ALA Editions Special Report explores cultural humility as a component of DEI efforts
For Immediate Release
ALA Publishing & Media
American Library Association
CHICAGO — Cultural humility is emerging as a preferred approach to diversity, equity, and inclusion (DEI) efforts within librarianship. At a time when library workers are critically examining their professional practices, cultural humility offers a potentially transformative framework of compassionate accountability; it asks us to recognize the limits to our knowledge, reckon with our ongoing fallibility, educate ourselves about the power imbalances in our organizations, and commit to making change. A new ALA Editions Special Report, “Cultural Humility” by David A. Hurley, Sarah R. Kostelecky, and Lori Townsend introduces the concept and outlines its core tenets. As relevant to those currently studying librarianship as it is to long-time professionals, and applicable across multiple settings including archives and museums, from this book readers will:
- learn why cultural humility offers an ideal approach for navigating the spontaneous interpersonal interactions in libraries, whether between patrons and staff or amongst staff members themselves;
- understand how it intersects with cultural competence models and critical race theory;
- see the ways in which cultural humility’s awareness of and commitment to challenging inequitable structures of power can act as a powerful catalyst for community engagement;
- come to recognize how a culturally humble approach supports DEI work by acknowledging the need for mindfulness in day-to-day interactions;
- reflect upon cultural humility’s limitations and the criticisms that some have leveled against it; and
- take away concrete tools for undertaking and continuing such work with patience and hope.
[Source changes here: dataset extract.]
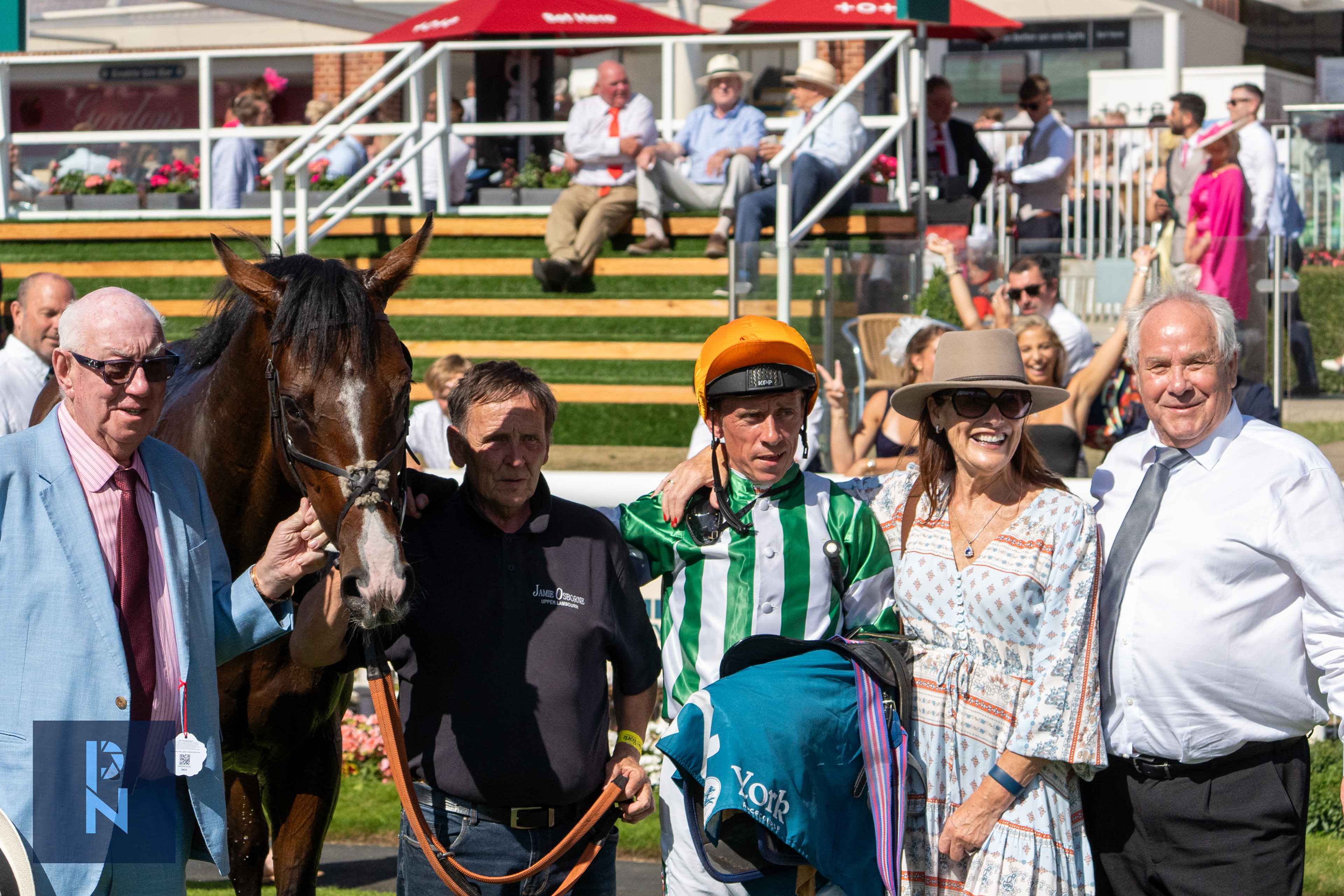 York Races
Examination copies are available for instructors who are interested in adopting this title for course use.
The authors are also collaborators on the forthcoming book “Hopeful Visions, Practical Actions: Cultural Humility in Library Work,” which is due to be published by ALA Editions in late 2022.
Hurley and Kostelecky, with Paulita Aguilar, co-edited “Sharing Knowledge and Smashing Stereotypes: Representing Native American, First Nation, and Indigenous Realities in Library Collections,” a special double issue of the journal Collection Management. Hurley is the Web and Discovery Librarian for the University Libraries. He was previously the director of the Diné College libraries on the Navajo Nation, chief of the library development bureau at the New Mexico State Library, and branch and digital services manager for the public library of Albuquerque and Bernalillo County. Kostelecky is the Director of Digital Initiatives and Scholarly Communication (DISC) for University of New Mexico Libraries. Her research focuses on outreach efforts to underrepresented communities, diversity in academic libraries and library collections, and Native American language resources. Prior to working at UNM Libraries, Sarah was the Library Director at the Institute of American Indian Arts (IAIA) in Santa Fe. She is a member of Zuni Pueblo in New Mexico. Townsend is the Learning Services Coordinator and Engineering Librarian for the University of New Mexico Libraries. Before coming to UNM, she worked as the Electronic Collections Librarian at California State University, East Bay from 2005-2010. She is co-author, along with Amy R. Hofer and Silvia Lin Hanick, of the book “Transforming Information Literacy Instruction: Threshold Concepts in Theory and Practice.” She is a member of the Shoshone-Paiute Tribes of Duck Valley.